The point is that if the beautiful bride is not putting up her hand for marriage, then you can have a lot of suitors, but there won’t be a marriage
Speculations about many private banks looking to buy stake or merge with Axis Bank to benefit from its strong retail franchise are rife, but its chief executive Shikha Sharma tells Saloni Shukla and MC Govardhana Rangan in an interview that the bank can grow for years and keep delivering returns to shareholders as a standalone entity. Edited excerpts:
Q- We are hearing about Axis being a beautiful bride. Is Axis in play?
A- Why should Axis be in play? We have not been approached by anyone, so I don’t know where all these stories are coming from. There is absolutely no truth to this.
Q- You have been an investment banker yourself, and you know there’s always a possibility of people who are thinking along these lines…

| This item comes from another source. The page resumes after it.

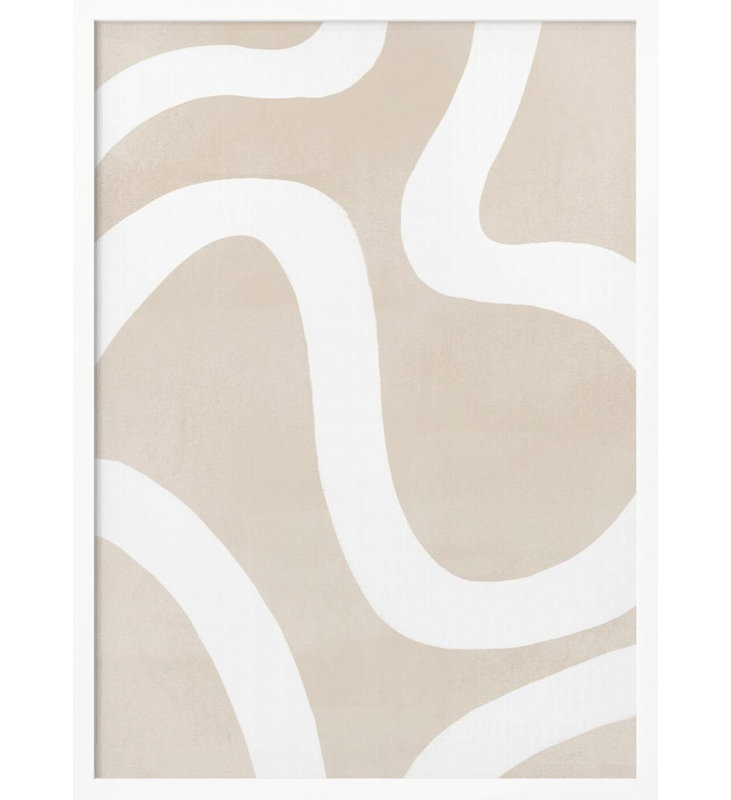 "Squiggly Abstract Art", art mural texturé encadré, Cadre blanc, H 14 po x l 10 po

A- Yes, but that doesn’t mean there’s anything happening right now, because something will happen only if there’s a real conversation or a formal proposal, and there is absolutely nothing of this sort going on. We haven’t been approached by anybody, and frankly for Axis at this point of time, there is so much to do.
We have always believed in the India story. I have now been with the bank for almost eight years. It has always been a strong franchise, and in the past eight years, we have only grown and strengthened that franchise. So, in the retail business, our market share on the deposit side has gone up from 2.5% to about 5%; in the retail assets, we have a 6% market share; in cards, we are 10%; and in mobile banking, we are 13%.

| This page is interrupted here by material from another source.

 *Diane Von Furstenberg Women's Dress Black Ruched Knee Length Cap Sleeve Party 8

Q- So, you can grow on your own without benefits of merger?
A- Whenever we talk internally, we think we are in a sweet spot because when you have 1-2% market share, you don’t have relevance. When you get to 12-15% market share, you become big and finding growth faster than the industry becomes a bit tougher. So, at this point of time, doing anything inorganic would be a distraction for the bank. We are well capitalised, so we don’t have a shortage of capital, we have got the people and the process capability, and merger at this point of time therefore will be a complete distraction.
Q- You listed your strong business, franchise and distribution capabilities. Has that itself made you an attractive proposition for those who don’t have it?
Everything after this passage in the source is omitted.